Coca-Cola Amatil Ltd has released a trading update for the July to October trading period together with guidance on the company’s earnings expectations for the full year to 31 December 2013.
The company’s trading update reveals an improvement in volume and market share in the Australian beverage business in the third quarter, whilst fourth quarter trading results to date showed that the company’s projections for further growth due to post-election uplift in consumer spending have been overly optimistic.
“The non-grocery business has continued to grow volumes in the second half; however consumer demand has been more subdued than expected. While we have seen some improved momentum in the Australian grocery channel, with carbonated beverages returning to growth and an improvement in market share, the aggressive competitor pricing activity has continued which has limited price realization in the half to date,” said Group Managing Director, Terry Davis.
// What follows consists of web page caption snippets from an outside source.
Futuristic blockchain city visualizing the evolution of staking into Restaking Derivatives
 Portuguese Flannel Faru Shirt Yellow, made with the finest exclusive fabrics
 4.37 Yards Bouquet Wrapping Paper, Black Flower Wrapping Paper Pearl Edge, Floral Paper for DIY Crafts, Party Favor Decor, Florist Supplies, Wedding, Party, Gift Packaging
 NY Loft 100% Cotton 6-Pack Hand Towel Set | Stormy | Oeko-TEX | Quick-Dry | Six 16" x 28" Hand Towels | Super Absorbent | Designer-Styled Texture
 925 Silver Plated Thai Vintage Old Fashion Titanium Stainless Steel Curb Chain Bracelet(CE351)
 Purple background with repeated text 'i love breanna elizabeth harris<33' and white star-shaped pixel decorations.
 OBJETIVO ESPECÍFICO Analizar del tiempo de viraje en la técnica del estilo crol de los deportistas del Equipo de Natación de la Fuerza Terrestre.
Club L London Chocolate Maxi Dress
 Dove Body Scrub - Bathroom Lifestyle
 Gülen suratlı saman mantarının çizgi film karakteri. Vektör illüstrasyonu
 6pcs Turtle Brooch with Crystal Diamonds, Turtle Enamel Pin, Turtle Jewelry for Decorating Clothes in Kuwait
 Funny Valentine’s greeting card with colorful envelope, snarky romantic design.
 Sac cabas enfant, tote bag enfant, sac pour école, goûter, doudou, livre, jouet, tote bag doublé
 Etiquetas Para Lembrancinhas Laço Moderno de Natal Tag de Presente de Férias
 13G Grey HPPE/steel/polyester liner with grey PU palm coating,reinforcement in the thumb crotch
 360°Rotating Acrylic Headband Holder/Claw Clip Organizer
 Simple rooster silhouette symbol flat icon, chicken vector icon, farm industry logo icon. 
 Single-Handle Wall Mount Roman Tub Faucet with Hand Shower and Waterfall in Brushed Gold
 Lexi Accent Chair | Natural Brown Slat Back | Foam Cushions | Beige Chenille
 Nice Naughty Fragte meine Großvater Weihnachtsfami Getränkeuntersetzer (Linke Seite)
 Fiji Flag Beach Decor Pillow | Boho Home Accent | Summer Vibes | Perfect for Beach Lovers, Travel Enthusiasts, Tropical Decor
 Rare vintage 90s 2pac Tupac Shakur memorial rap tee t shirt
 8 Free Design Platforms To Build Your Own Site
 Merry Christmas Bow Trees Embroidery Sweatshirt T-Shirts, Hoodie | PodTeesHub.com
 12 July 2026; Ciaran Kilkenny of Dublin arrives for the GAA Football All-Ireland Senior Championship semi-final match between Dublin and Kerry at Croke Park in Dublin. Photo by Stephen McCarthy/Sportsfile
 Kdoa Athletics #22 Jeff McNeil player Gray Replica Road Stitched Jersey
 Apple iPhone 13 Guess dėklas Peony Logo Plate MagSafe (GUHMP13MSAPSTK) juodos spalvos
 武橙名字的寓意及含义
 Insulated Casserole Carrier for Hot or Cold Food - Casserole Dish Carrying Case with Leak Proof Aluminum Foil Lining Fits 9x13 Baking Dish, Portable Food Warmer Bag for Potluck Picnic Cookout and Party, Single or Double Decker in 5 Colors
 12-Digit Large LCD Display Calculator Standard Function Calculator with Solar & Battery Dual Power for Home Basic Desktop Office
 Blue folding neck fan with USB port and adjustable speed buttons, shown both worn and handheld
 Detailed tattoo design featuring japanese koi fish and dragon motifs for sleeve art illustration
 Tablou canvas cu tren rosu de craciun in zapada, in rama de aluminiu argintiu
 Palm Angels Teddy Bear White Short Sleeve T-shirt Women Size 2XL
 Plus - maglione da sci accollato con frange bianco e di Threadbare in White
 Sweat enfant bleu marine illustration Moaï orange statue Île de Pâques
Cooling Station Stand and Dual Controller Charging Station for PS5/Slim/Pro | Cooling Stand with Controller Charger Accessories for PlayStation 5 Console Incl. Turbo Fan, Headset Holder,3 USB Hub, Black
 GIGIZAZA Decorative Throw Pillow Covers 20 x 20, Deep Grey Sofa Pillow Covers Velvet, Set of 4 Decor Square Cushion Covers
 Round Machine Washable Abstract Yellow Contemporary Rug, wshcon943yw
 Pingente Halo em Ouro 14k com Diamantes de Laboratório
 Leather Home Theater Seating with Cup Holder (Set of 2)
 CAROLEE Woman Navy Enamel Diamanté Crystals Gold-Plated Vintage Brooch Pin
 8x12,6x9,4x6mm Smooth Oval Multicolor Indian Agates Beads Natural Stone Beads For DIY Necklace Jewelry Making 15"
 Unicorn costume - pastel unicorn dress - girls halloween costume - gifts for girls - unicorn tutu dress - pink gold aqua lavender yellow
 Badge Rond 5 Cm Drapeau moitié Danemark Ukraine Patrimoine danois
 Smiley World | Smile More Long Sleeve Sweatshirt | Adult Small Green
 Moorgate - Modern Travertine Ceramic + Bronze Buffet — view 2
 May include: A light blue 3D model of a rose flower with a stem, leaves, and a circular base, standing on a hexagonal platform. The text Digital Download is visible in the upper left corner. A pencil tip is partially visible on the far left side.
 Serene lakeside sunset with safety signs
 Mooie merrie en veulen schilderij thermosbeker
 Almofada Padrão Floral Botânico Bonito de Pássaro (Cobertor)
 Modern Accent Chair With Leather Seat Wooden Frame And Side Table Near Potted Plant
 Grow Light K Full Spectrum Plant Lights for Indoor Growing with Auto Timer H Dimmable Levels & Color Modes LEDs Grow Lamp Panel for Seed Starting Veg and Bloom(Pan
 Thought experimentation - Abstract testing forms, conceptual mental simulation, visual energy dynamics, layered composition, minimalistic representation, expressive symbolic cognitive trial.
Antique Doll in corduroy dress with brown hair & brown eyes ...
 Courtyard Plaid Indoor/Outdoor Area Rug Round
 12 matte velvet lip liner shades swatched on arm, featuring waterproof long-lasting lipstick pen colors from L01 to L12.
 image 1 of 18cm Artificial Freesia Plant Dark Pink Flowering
According to Davis, positive momentum has continued in New Zealand, where business dealings have delivered improved volumes, earnings and market share gains.
However, third quarter results showed the expected decline in demand in Indonesian market due to the adjustment of the country’s economy to high levels of inflation, which impacted consumer spending. In spite of this, Mr. Davis says that they expect the Indonesian market to deliver low double-digit volume and earnings growth in 2013.
The Alcohol, Food & Services division is delivering results within the expected levels. The Beam portfolio continues to gain share in spirits and the alcoholic ready-to-drink category, whilst SPC Ardmona continues to expect reductions in profit in 2013.
“While the SPC Ardmona business continues to be challenging, we have secured commitment from our major customers to convert to 100% Australian grown produce for multi-serve packaged fruit and the Anti-Dumping Commission has found that Italian tomatoes have been dumped into the Australian market, damaging our business, and has imposed an immediate tariff penalty on these imports. We are currently seeking government support for co-investment with SPC Ardmona to ensure a stronger future for our business and fruit and vegetable growers in the region and we continue to pursue safeguards support through the Productivity Commission,” Peter Kelly, Managing Director SPC Ardmona said.
CCA’s cost out program expects to deliver approximately $30-40 million is savings over the course of the next three years by leveraging investments in high-end production and IT infrastructure. The business is expected to deliver $10-15 million in savings in the second half of 2013.